Prologue: Inventing the Light Part 1

It should be noted here that I have absolutely no plans whatsoever to follow Blizzard’s established Warcraft lore. If you see anything that is a deviation from established lore, you can be almost sure that I’ve changed it. For whatever reason, I probably like my version of it better.

For example, in Arkenheart’s version of Warcraft, there is no King Variann Wrynn. Rather, there is a Queen Varianna Wrynn. Same personality, just he’s a she now.

Most things are small changes, like spelling Stromgarde with a u, to get Stromguarde. I like it better that way.


And yes, the prologue stuff is supposed to be in anachronistic order.

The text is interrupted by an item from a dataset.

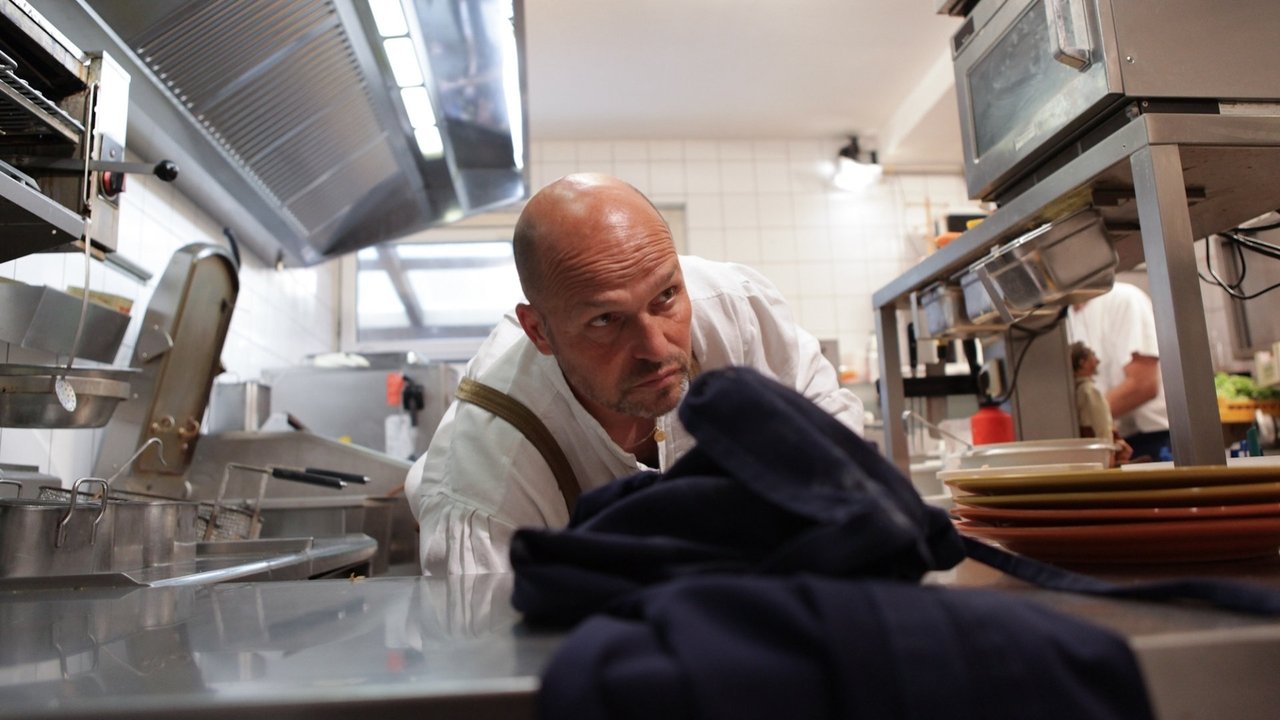 Yes, Boss! - Season 5 Episode 7 : Wirtshaus in der Pupplinger Au / Mnichov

Alonsus Faol gently closed the encyclopedia he had been reading. The chair creaked as he leaned back, a sound he felt his back would soon make. He rubbed the bridge of his nose, and wondered if he was being punished, tested, or if all this was merely a very cruel twist of fate. Whatever the case, he was too old for it.

Hard to believe that only a year ago he had been a mere bishop at Northshire Abby, tending to a gentle country with a gentle hand. As a southern nation, Stormwind did not even experience winter, only more rain. He spent most of his days tending to the vast library of the Abby, helping young priests and scholars with their works.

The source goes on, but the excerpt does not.